帰ってきたウルトラ38番目の弟

ウルトラシリーズについて色々と書いていくブログです。

「東京氷河期」

「東京氷河期」
ウルトラQ』制作第15話
1966年4月3日放送(第14話)
脚本 山田正弘
監督 野長瀬三摩地
特技監督 川上景司

 

冷凍怪獣ペギラ
身長 40m
体重 2万t
南極の原子炉が爆発して氷が溶けたので北極に引っ越す事にして、その途中に東京に現れた。
冷凍光線で東京を氷漬けにするが、沢村照男が操縦するセスナの特攻で爆薬と混合されたペギミンHを受けて逃げ去った。

 

物語
東京が異常な寒波に襲われた。
万城目は1年前に南極で遭遇した怪獣ペギラの事を思い出す。

 

感想
ペギラが来た!」の続編で、万城目が南極でペギラと遭遇してから1年が経ったとなっている。

 

ペギラが南極を離れたのは原子炉の爆発で氷が溶けたからとなっている。
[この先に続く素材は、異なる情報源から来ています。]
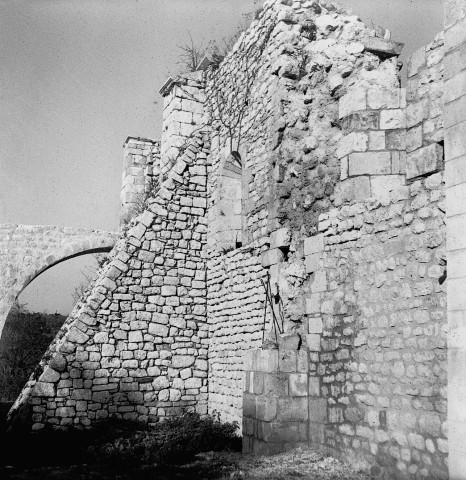 La Garde-Adhémar. - La chapelle du Val des Nymphes fut restaurée et retrouva une couverture en 1991.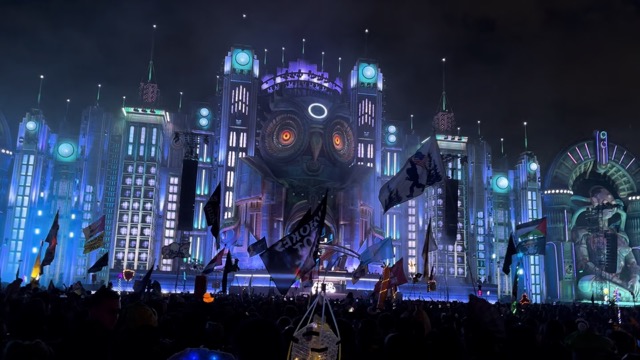 Porter Robinson playing Time to Pretend by MGMT...I love this song.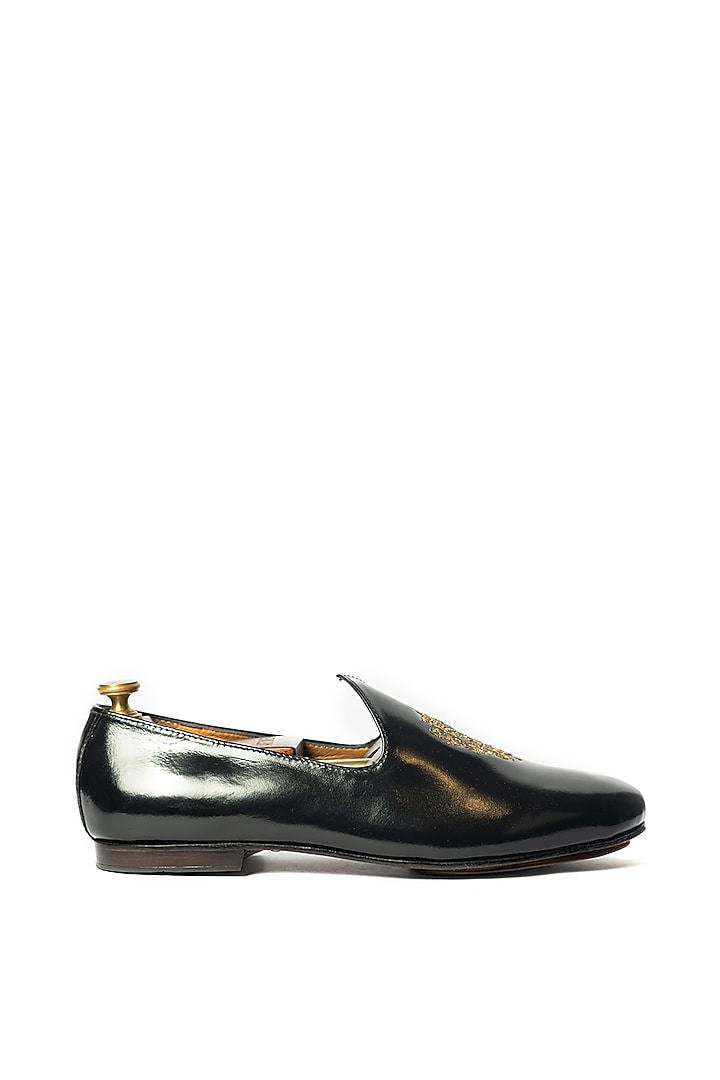 Black Leather Juttis by ARTIMEN at Pernia's Pop Up Shop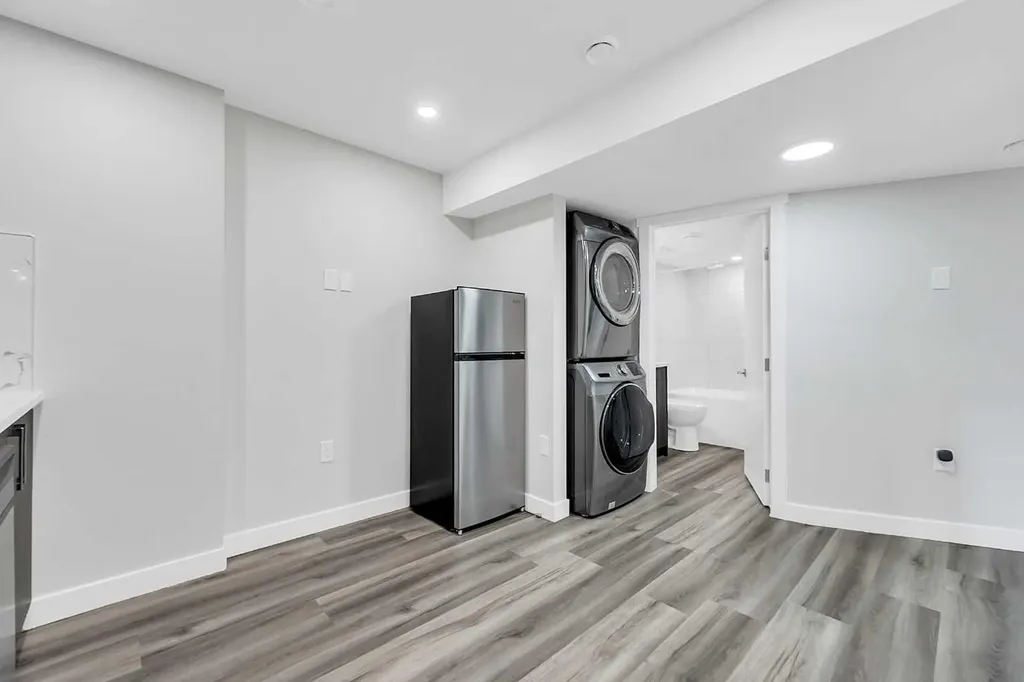 121 Carringvue Park NW Calgary AB T3P 1L1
その話の前に一平が南極でアメリカとソビエトによるウラン鉱採掘競争が繰り広げられていると言う新聞記事を読んでいるので、この原子炉の爆発も米ソ冷戦が招いたものなのかもしれない。冷たい戦争が南極温暖化を招き、最終的に怪獣によって世界各地が氷漬けにされてしまうとは手痛いしっぺ返しだ。

 

ペギラが来た!」と「東京氷河期」は「大切な人の消息を探しに来る」「大切な人がペギラによって命を落とす」と言う共通点があるが、「ペギラが来た!」の野村隊員は故郷の東京に帰れなかったが婚約者の手で南極の墓に故郷の土をかけてもらえたのに対し、「東京氷河期」の沢村は東京に出稼ぎに来て、息子の手で骨壺が故郷に帰されるとなっている。

 

冒頭で由利子が「詩人リルケは言ったわ。「僕にはただ死ぬ為にだけ集まってくる蟻のように見える」って。東京は苦い砂糖なのよ」と言ったように今回は地方から東京に出稼ぎに来た季節労働者の話となっている。
かつては零戦の名パイロットだった沢村は苦い砂糖の東京で挫折して遂に宝石泥棒に堕ちてしまう。「あんな東京なんか一回氷詰めになって消毒された方が住み良くなるぜ」と言う言葉から沢村が東京でどんな生活をしていたのかが分かる。戦争の時は命を掛けて東京を守ったのに戦争が終わるとその東京で苦しい生活を強いられる事になる。沢村は東京と言う街に自分の人生を否定されたと感じたのかもしれない。そんな沢村が再び東京の為に戦う決意をしたのは自分の息子の為であった。過去の栄光を失った沢村は自分の息子の未来を守る為に再び立ち上がった。

 

ペギミンHの効果が学会で公認されないから使えないと言う役所の回答に呆れて、こうなったら自分達の手でペギラを退治しようと行動を開始する関デスクが素晴らしい。

 

宇宙からの贈りもの」に続いて今回も星川航空に犯罪者がやって来る。万城目の怪獣と宇宙人と犯罪者との遭遇率が高すぎる……。

 

206便消滅す」でも書いたが1966年は飛行機事故が続発した為、今回の話も当初の予定を変更して放送される事となった。